I missed the real her.
“Oh, nothing, dear,” Max’s mom said. “Cade just told me about his parents.”
“Right. His parents,” Max said. She shot me a wide-eyed look.
So, I changed the subject. “Mrs. Miller, tell me what Max was like as a child.”
Max groaned. Her mother practically cheered.
“I just happen to have baby pictures with me! I keep a photo album with me at all times.” Max stalked into the kitchen and threw herself down on the stool beside me.
“Yay. Baby pictures. What a great idea, sweetheart.” She laced her fingers with mine, and then lightly dug her fingernails into the back of my hand in warning. All I could think about was what it would feel like to have her fingernails dig into my skin under different circumstances.
I pulled her hand up to my mouth, and kissed the back. Her eyes widened, and she sucked in a breath. I smiled evilly and said, “Oh, honey, you can’t blame me for wanting to see your baby pictures.”
While her mother was distracted in the living room finding the album, Max leaned into my ear and said, “You bet your ass I can blame you. You’re not funny, Golden Boy.”
“Really? I thought it was hysterical.”
“Later, when we’re alone—”
“—I like the sound of that.”
She laughed loudly in the direction of the living room, totally fake, and then turned on me. “Don’t think I won’t murder you, pretty boy.”
“So, I was golden and now I’m pretty?”
She took another deep inhale, and I imagined she was counting to keep her anger under control. I liked her like this.
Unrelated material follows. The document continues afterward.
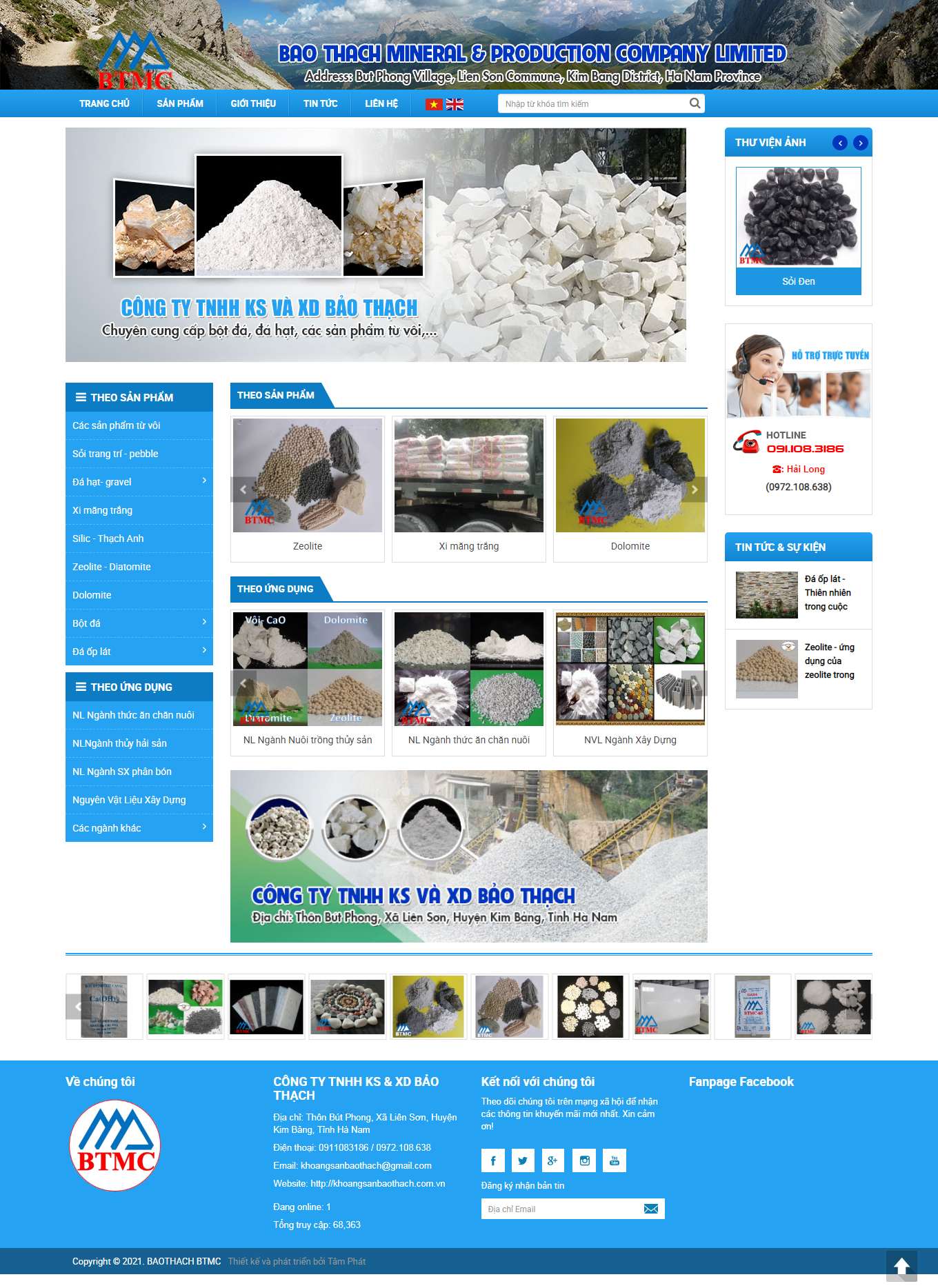 Thiết kế Website Web đá mỹ nghệ - khoangsanbaothachcomvn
With her cheeks pink and her eyes sparkling, she looked like herself despite the major style change.
“I can’t help it. It’s just so much fun to get you riled up.”
“You really want to play that game?”
“Here we go!” Her mother flitted into the room and slid the album in front of us.
The first picture was of the day they brought Max home from the hospital. The nursery was a mishmash of different pinks and had MACKENZIE painted across one wall. Max looked like most babies—small with a pink, pinched face, and no hair. Mrs. Miller had fluffy, curled bangs and looked like something out of I Love the ’80s.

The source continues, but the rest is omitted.